I could just as easily use 1/4 cup starter, 1 cup AP flour, 1 cup milk, and dump the additional 1/4 cup starter I keep, but this way works for me. I've found that English muffins more than keep our excess starter used up. 

 

wassisname's picture
wassisname

Good to know that wild yeasts are such an accomodating bunch - they seem to work with just about any routine!

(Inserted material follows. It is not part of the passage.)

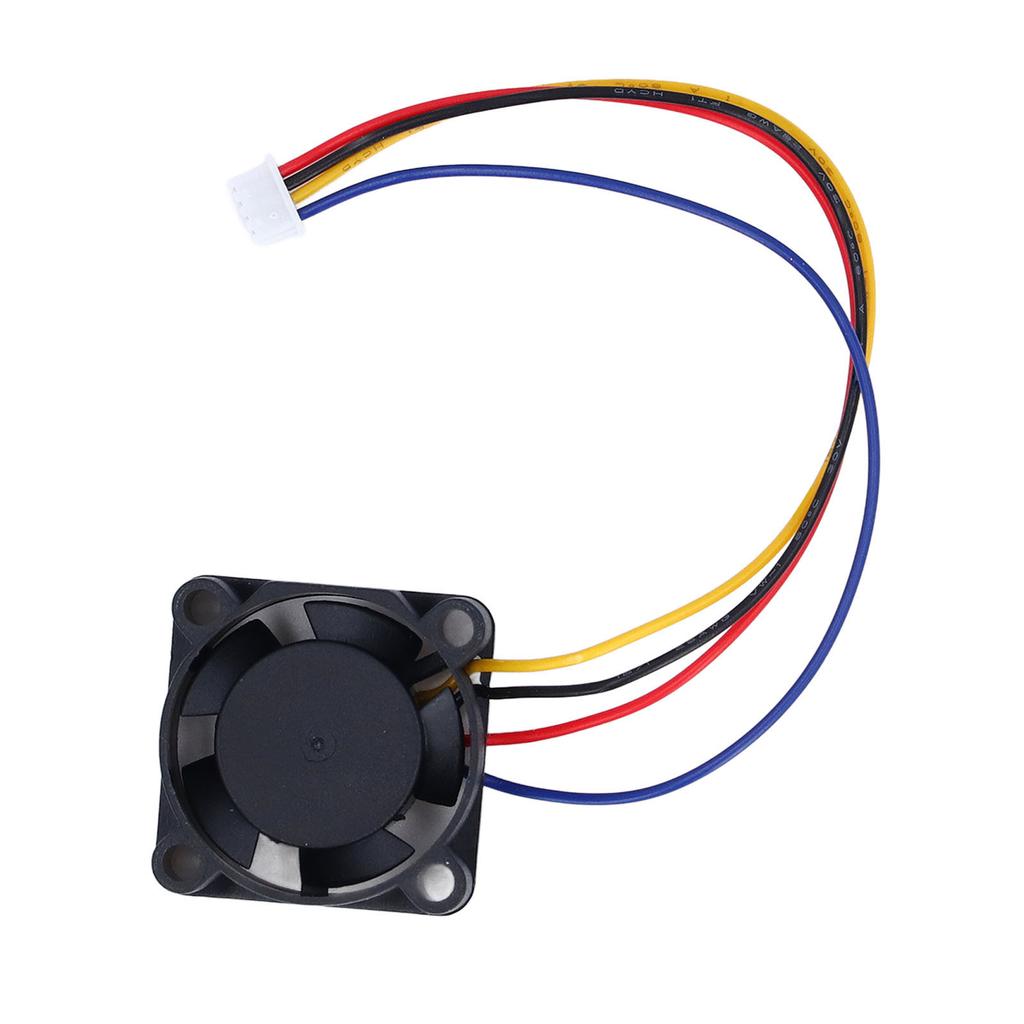 Double Ball Hotend Cooling Fan for X1C Models 3D Printer Bearing Throat Accessories 2510 DC5V 0.13A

Mine is whole wheat at 75% hydration.  I'll feed it straight from the refrigerator if I'm building it up, either for a particular bake or just because it's running really low.  Once fed, it ferments at room temp (how long depends on ambient temp and what I have planned for its near future) then either goes into the dough or back into the refrigerator.  I'll bake with it straight from the refrigerator as long as it's been fed within the last 48 hrs or so.  I almost always bake at least once a week, so it almost never sits in the refrigerator unattended longer than that.

Marcus

kiwimum's picture
kiwimum

I'm about to bake my first loaf of SD, my recipe calls for 1/4 cup  of starter.  Starter is kept in the fridge.  When I take out the required amount for the recipe, I'm not sure what quantities of flour and water to replace it with - I don't have kitchen scales, so grams are not much use to me (I know that 125g is about one cup).  Anyone who can advise me using cups as a measuring unit?

JerryW's picture
JerryW

You haven't told us the hydration of your starter.  It's common to use 100% (equal weights flour and water).  The density of flour varies, which is why it's oft said that one should have and use a (digital) kitchen scale.  But 'til then, here's an approximate data point -- I just fed my starter with 4 oz. (by weight) of flour, and it measured just over 3/4 of an American 8 oz. cup.  Good luck with your SD loaf!

cheers,
  jerry

Emelye's picture
Emelye

I used cup measures before I got my scale a few months ago.  1 cup of flour is usually 4½ to 5 ounces.  ½ cup water is 4 oz, ¾ cup water is 6 ounces.  You can maintain an approximately 100% hydration starter using these measurements.  A few percentage points either way won't harm the stuff.